[INPUT DATA — start]

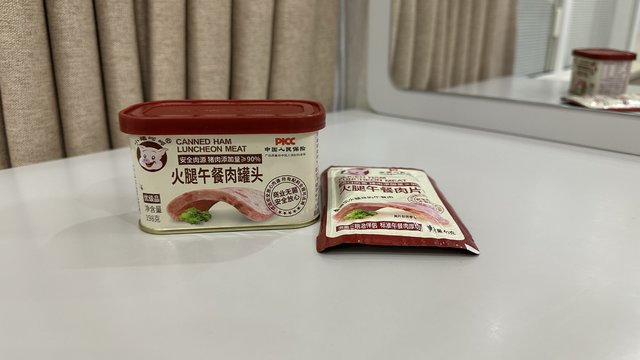 吃起来还不错的小猪呵呵午餐肉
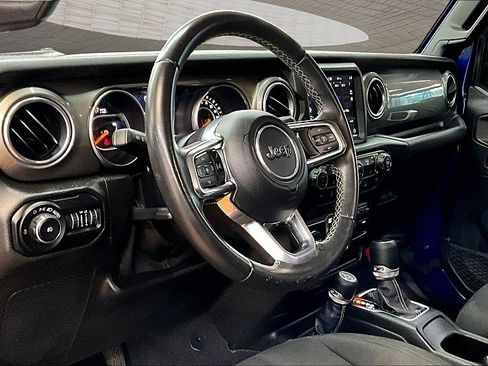 Used 2020 Jeep Wrangler Unlimited Sahara w/ Uconnect 4C Nav & Sound Group AWD/4WD image 11
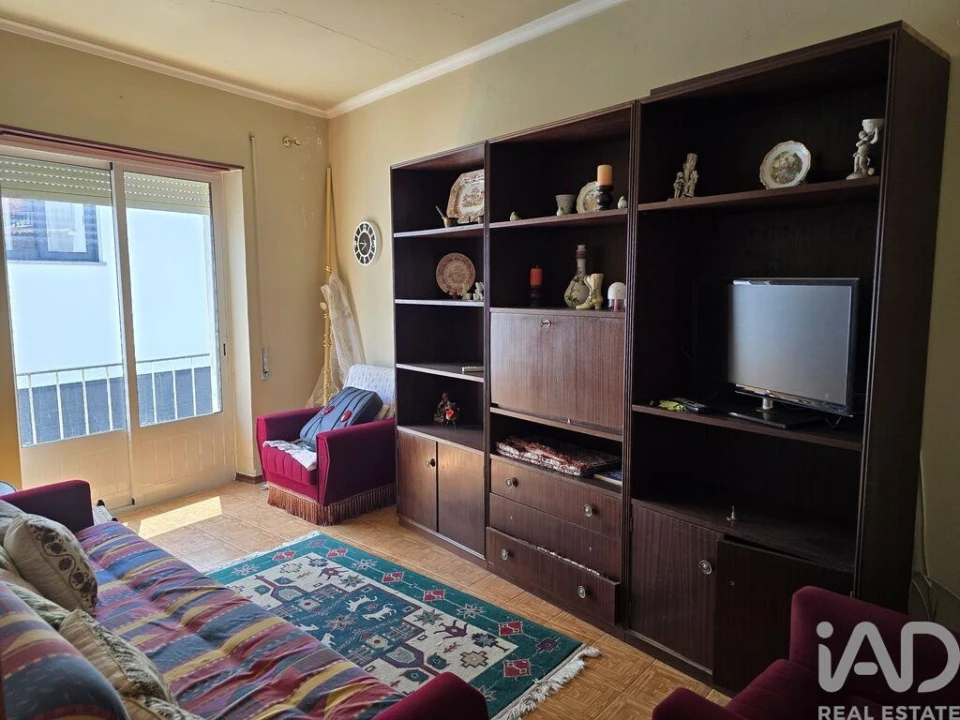 Moradia T4 para Venda em Sarzedo Foto 4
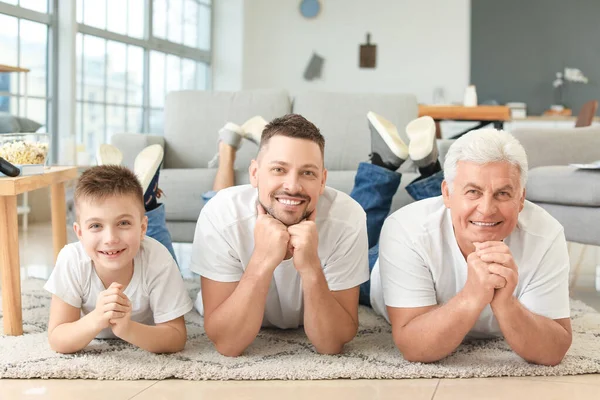 Homem Com Seu Pai Filho Casa — Fotografia de Stock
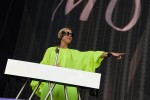 Benson Boone, Raye, Juli, Mother Mother etc. on stage., Berlin, Olympiapark/Olympiastadion, 2025 | © laut.de (Fotograf: Chris Springer)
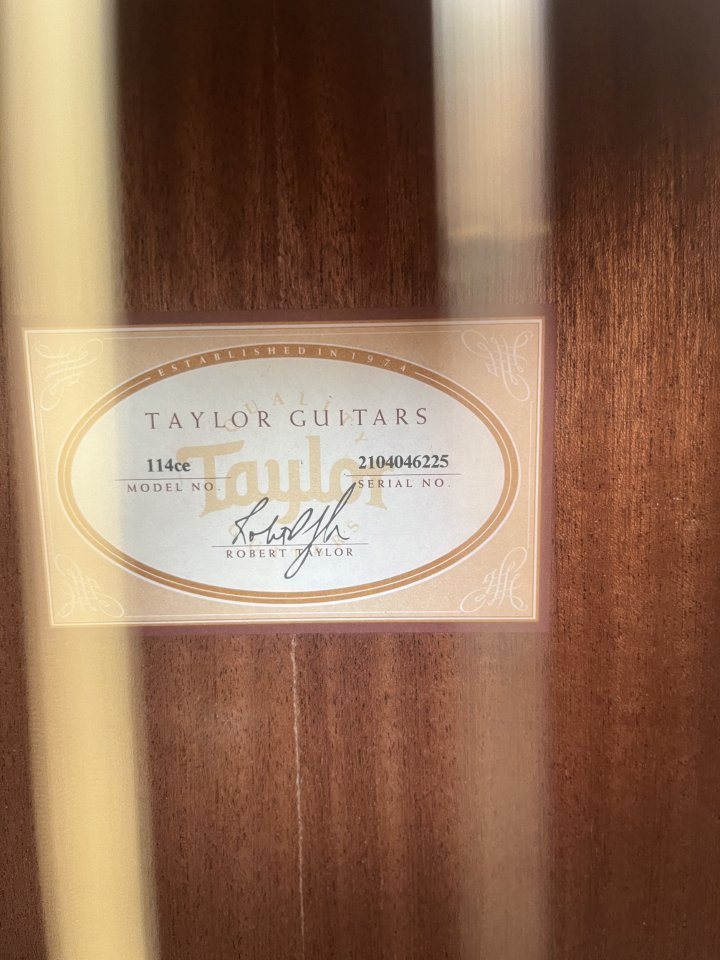 Guitarra acústica Taylor 114ce Grand Auditorium de segunda mano · Foto 3 de 9 · Barcelona · 700 €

[INPUT DATA — finish]

## TASK DETAILS
Since the pictures are not part of the copy, please transcribe only the lines above from the one with "Moradia T4 para Venda em Sarzedo Foto 4" through the one with "Benson Boone, Raye, Juli, Mother", exactly and with both ends.

## YOUR SOLUTION
 Moradia T4 para Venda em Sarzedo Foto 4
 Homem Com Seu Pai Filho Casa — Fotografia de Stock
 Benson Boone, Raye, Juli, Mother Mother etc. on stage., Berlin, Olympiapark/Olympiastadion, 2025 | © laut.de (Fotograf: Chris Springer)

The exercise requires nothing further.